# When the WS has "positive" memories of Emotional Affairs



## daggeredheart (Feb 21, 2012)

My spouse had a short term online only EA with a college age woman from another country. We are in counseling and have been since d-day 5 months ago. Our relationship is improving but there are still many landmines and I struggle on a hourly basis with his "positive outlook" and rosy memories of his powerful EA. He even had the nerve to tell me that he "picked her in his fantasy of a alternate universe) he's a science fiction geek. 

I told him that his_ perfected frozen in time EA_ is my utter destruction. He gets that but doesn't really get it because he's has never experienced any sort of loss/broken heart with the exception of ending the EA. He described it as "ending it at the peak". He's been in NC but he says it's still hard not to wonder about her and their amazing "connection". 


That got me to thinking---- I know some WS start to open their eyes and see the affair for the wrecking ball that it is. The perfection begins to chip and the reality of their AP is under the microscope---- but is there any help for the BS to deal when the WS has enshrined the affair inside the crystal ball ??

I know realistically that because he never met her in real life he has created this illusion in his head....I get the science behind the brain chemistry ( dopamine etc) but none of that makes it easier to deal with. 

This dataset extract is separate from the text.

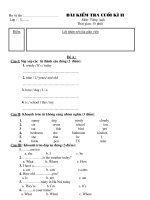 Đề thi học kì II lớp 3 trường THCS Long Mai 1 năm 2013 - 2014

How does one deal when they still struggle with the desire for their EA???? Does that go away, is it normal, does it spell doom???


----------



## mahike (Aug 16, 2011)

It shows that he has very little remorse for what he did. Did you expose the A or was this something you kept between the two of you?


----------



## survivorwife (May 15, 2012)

I remember watching a few TV Shows (can't remember the name or details), on Internet chats, EA and the like. What struck me was that some person who wasn't attractive was playing a role behind the computer screen of being youthful, sexy, exciting in order to seduce their prey. Some woman even used her daughter's picture as bait, pretending that was she. In short, it's all fake.

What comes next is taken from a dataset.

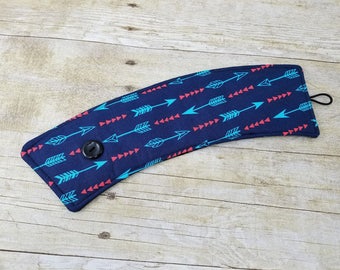 Teal and Coral Arrows on Navy, Coffee sleeve, Reusable cup cozy, Eco friendly, Coffee cup sleeve, Coffee cozy, cup cozy, cup sleeve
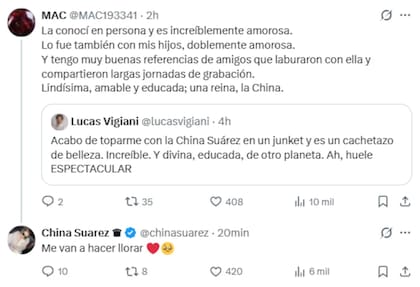 Los comentarios en X sobre el aroma de la China Suárez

The person who your WS believes he is in love with is a fake. Could have used a fake picture. Could have been play acting. Was not real. The OW gets her kicks out of the attention from other men, because she can't get that attention in real life. She is pathetic and lonely, and the computer is her only source for "romance" so she will lie and play to get that attention. And some H's fall for their lines.

Your WS's "positive" memories are fake memories. Words on a screen embedded into his head by a player who is no doubt lonely and unattractive. You are a real person. You are the real person he fell in love with.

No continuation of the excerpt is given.